Às vezes não é no momento, a pessoa pára, olha e depois vai para casa. E será em determinado momento, quando está em casa fazendo qualquer coisa da vida caseira, vamos dizer, é tarde, é noite, ele vai se deitar, ele está arranjando a roupa que vai vestir no dia seguinte, ele está escrevendo uma última carta para alguém, ele está contando quanto dinheiro tem na carteira, para ver se tem bastante, se ele pega mais, as mil coisas; dando corda no relógio, as mil coisas da preparação para o sono, lhe vem de repente, pela ação da graça conjugada com a ação da natureza, a memória, pelo jogo da natureza, apresenta a ele aquela figura que ele viu, e a graça incide sobre aquela figura. Ele pára ali e diz: meu Senhor e meu Deus!
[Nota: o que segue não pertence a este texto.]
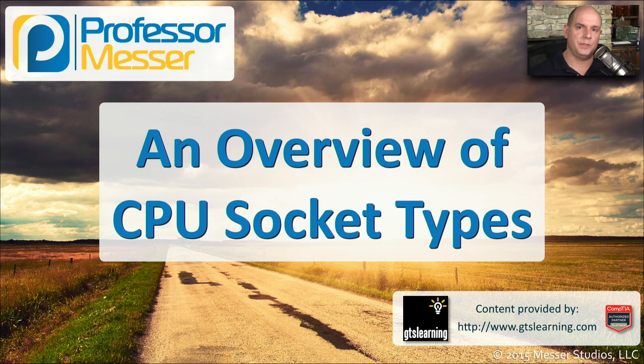In this video, we're going to look at some CPU socket types for both Intel and AMD architectures. If you haven't been building your own computers or working with a lot of detailed motherboard specifications, this may seem like a lot of information all at once. But fortunately, you only have to know the details of 11 different socket types, broken up into two different categories, which may help when memorizing the characteristics of these sockets.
E isto mais ou menos se dá, não se dá assim matematicamente, para cada homem aparece um modo inteiramente definido, numa noite de Natal este aspecto de Nosso Senhor. Isto é mais subtil, é mais complexo, esta é uma realidade de fundo. A realidade de superfície é menos marcada. A gente vê em 4, 5 natais, de 4, 5 anos consecutivos, a gente vê uma mesma imagem; ou vê 2, 3 imagens diferentes, ou 5 imagens. Em certo momento, na memória, essas imagens se sobrepõem e, de repente a gente vê uma que tem tudo aquilo que a gente sentiu nas outras: ah! meu Senhor e meu Deus! Aí está Jesus Cristo Nosso Senhor, como eu amo especialmente.

Isto equivale a dizer que o Menino Jesus, pela graça, visita todas as almas. E Ele faz o papel não mais daquele que recebe a visita, mas daquele que vai atrás dos homens, e que a todos os homens, de todas as idades, de todas as línguas, de todas as condições sociais, a todos homens procura de modo especial nessas noites. E lhes diz alguma coisa que lhes toca o coração de um modo também especial.
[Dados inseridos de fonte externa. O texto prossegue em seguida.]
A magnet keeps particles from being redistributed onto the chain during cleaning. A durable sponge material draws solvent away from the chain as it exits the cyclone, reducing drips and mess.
Os senhores têm uma prova curiosa disso nessa própria canção que foi cantada há pouco: Stille Nacht, heiligue nacht. Os senhores sabem como é que essa canção nasceu. Foi um professor público, de uma cidadezinha do interior da Alemanha, que, houve qualquer coisa com o vigário, não apareceu o músico, não me lembro mais o que houve, uma trapalhada qualquer que era preciso então ele compor para o Natal uma música. E ele compôs essa música. Era a emoção dele diante da manjedoura. Mas, lentamente, lentamente, a Providência tinha preparado na alma dele uma emoção de Natal que era para o mundo inteiro.
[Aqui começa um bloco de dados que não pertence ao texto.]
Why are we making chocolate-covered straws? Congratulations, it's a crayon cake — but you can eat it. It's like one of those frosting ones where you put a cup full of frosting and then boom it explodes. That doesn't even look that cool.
Ninguém é profeta em sua própria terra. Esse músico que, evidentemente, não era um grande músico, mas era um homem de uma sensibilidade musical delicadíssima e de grande valor, esse músico tocou isso. Entrou pelo meio – já não lembro bem dos pormenores, eu me teria informado melhor se soubesse que era este o tema da noite, os senhores estão pegando o tema da noite despreparado, saindo das respectivas embalagens na desordem em que estão, mas enfim – entrou uma professora aí pelo meio que também colaborou, não me lembro bem, com isso. O fato é que ninguém se interessou especialmente, na paróquia, por essa música. Ouviram, está bem, terminou o Natal, está bom, cantaram isso mais umas vezes.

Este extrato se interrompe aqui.